Он жил тогда в страшном сне. Жена терпела и ждала. Дома было тихо, как в гробу. Сынишка приходил из садика и тихо возился с кубиками на полу в коридоре. Обедали. Страшно, страшно и тихо было ждать. В пятницу он получил аванс и один напился так, что его спасла реанимационная служба. Он не попал в вытрезвитель, потому что, выпив два литра водки, он спокойно и чинно шел по неизвестному ему маршруту, но потом в людном месте всплеснул руками и без крика повалился на пешеходный переход под ноги прохожим и колеса машин.
Котька не вернулся домой и не пошел к той. Он пил. Его перевели сюда из жалости начальников, которым он всем успел сделать по два раза ремонт на квартирах. И потому они знали его, жалели. Все-таки он был великий мастер, да сломался вот на этом — на любви. Это в нем уважали все. «Это у нас уважают», — так сказал Галкин.
Теперь, после суда, на котором жена не кричала, кстати, а только жалобно и недоуменно смотрела на него, так что суд прошел чинно, к удивлению судьи, который ждал визгу и слез, поскольку видел анкетные данные, — теперь, после суда, у него вычитали алименты. Он мог не думать о доме, но со всеми говорил и надоел всем разговорами о сынишке. Потом и это прошло. И осталась от него тень. И осталось непревзойденное его мастерство, выпивка, сон на земляном полу в складах.
…Запаха сушилки в нижних коридорах сейчас не было, потому что его выскваживало быстрым потоком заоконного воздуха через открытые рамы второго этажа. Пацаны не шли с тележкой, а бежали вдоль коридора, причем Кутырев тормозил подошвами сколько мог; Женька, вцепившись в перекладину, ехал сзади, как на салазках. Песок и цемент хрустели под ногами.
— Брось, Женька, — сказал Кутырев. — Тише давай на спусках, а то сшибем кого-нибудь насмерть.
Подпертый узко расставленными рукоятками под ребра, спиной ощущая холодный напор стальных поперечин, он чувствовал себя беззащитным, слабым: он не контролировал движения груза.
Женька сказал:
— Ладно.
Они мирно и медленно теперь спустились еще одним переходом и вышли в зал разгрузки, в широкий просторный цех. Справа вдоль окон с покатыми металлическими подоконниками стояли десятки груженых телег в очередях к окнам. С них рулоны выкатывали на полированный металл, и они скользили прямо в кузова. Зал располагался на высоте полуторного этажа.
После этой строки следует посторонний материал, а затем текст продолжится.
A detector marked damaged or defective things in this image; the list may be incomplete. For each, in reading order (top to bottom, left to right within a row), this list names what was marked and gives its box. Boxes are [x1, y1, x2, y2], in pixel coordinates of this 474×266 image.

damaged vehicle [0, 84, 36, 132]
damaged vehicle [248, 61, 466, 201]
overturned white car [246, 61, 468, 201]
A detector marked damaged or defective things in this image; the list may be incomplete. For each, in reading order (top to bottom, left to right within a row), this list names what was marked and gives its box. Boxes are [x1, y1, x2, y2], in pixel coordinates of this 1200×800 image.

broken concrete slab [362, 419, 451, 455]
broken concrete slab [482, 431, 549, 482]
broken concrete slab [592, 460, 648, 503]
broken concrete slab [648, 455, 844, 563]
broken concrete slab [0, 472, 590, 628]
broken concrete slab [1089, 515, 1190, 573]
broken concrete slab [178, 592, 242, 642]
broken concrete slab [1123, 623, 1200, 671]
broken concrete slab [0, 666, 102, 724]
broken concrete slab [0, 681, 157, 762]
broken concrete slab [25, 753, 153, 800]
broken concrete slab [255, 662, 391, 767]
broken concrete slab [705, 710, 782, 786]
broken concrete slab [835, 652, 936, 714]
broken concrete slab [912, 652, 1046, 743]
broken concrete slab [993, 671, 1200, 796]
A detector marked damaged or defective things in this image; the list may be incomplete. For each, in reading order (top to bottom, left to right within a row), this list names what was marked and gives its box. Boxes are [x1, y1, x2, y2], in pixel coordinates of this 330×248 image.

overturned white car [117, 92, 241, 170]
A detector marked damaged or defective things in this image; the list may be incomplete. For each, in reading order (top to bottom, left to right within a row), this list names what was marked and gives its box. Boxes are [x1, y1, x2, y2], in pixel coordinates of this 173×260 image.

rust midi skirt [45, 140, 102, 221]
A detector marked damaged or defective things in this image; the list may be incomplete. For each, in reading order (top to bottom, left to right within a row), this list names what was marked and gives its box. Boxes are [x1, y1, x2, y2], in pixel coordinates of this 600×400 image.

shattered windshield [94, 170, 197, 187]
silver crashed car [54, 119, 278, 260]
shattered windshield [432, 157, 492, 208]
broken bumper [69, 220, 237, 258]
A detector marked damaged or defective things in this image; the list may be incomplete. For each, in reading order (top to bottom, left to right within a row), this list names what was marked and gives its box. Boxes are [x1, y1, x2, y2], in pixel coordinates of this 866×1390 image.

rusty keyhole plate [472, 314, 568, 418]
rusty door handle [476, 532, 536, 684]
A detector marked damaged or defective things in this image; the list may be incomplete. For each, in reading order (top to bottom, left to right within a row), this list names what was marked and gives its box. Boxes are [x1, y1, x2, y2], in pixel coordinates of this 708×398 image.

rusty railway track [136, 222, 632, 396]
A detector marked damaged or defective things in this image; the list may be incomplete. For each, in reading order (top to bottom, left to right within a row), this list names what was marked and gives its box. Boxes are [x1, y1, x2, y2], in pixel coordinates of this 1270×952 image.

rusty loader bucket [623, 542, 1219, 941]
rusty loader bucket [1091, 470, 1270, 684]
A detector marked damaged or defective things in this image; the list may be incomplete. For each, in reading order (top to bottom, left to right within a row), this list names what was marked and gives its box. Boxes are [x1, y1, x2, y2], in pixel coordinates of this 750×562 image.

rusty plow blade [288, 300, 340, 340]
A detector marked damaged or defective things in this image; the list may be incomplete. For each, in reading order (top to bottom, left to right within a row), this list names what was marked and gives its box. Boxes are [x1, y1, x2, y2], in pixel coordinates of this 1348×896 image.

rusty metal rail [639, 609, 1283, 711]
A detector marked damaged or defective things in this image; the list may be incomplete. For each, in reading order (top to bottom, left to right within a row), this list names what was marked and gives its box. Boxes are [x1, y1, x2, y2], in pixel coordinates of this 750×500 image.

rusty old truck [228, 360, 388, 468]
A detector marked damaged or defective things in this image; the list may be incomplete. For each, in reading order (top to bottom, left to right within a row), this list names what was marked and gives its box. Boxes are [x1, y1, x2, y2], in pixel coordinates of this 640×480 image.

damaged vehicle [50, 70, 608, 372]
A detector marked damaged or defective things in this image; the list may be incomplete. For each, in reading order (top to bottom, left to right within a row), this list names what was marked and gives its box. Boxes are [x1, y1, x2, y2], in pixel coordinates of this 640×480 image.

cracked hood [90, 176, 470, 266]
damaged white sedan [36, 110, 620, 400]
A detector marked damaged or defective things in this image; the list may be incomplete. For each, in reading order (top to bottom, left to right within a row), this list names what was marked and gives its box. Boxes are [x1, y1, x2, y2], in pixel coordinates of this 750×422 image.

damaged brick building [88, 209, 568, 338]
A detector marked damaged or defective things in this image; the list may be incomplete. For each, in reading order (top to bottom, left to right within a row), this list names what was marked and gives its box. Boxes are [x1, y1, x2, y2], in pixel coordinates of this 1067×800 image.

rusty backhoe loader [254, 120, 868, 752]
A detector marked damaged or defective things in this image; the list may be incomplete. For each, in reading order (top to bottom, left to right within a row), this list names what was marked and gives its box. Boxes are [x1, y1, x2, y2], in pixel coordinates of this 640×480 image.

Они быстро шли к своему окошку, и Кутырев выгнулся и начал тормозить; ему показалось, что они слишком уж быстро приближаются к последней из груженых перед ними тележек. Он еще затормозил, и они почти остановились.
— Тормози, — сказал Женька и тоже потянул назад.
Кутырев увидел, что они немножко не успевают, что рукоятки с его стороны, рукоятки, которые он крепко сжимал сверху кистями рук и держал локтями, заходят под широкую поперечину предыдущей телеги.
— Тормози! — закричал он.
И Женька, видимо, повис на своем краю груза, и Кутырев тоже откинулся и не услышал, а скорее почувствовал, как бухта обоев над его головой пошла назад, на Женьку, и вообще весь груз моментально и неслышно переместился назад; одна бухта мягко рухнула на пол. Кутыреву прижало кисти под поперечиной. Он смотрел на руки; прижало совершенно одинаково мясистые части между большим и указательным пальцами. Они были белыми, эти места. И медленно, как при ожоге, подошла и овладела руками боль. Это было так странно, что Кутырев не смог выдохнуть.
Женька подошел.
— Чуть не убило, — сказал он. — Нагрузили лишнего.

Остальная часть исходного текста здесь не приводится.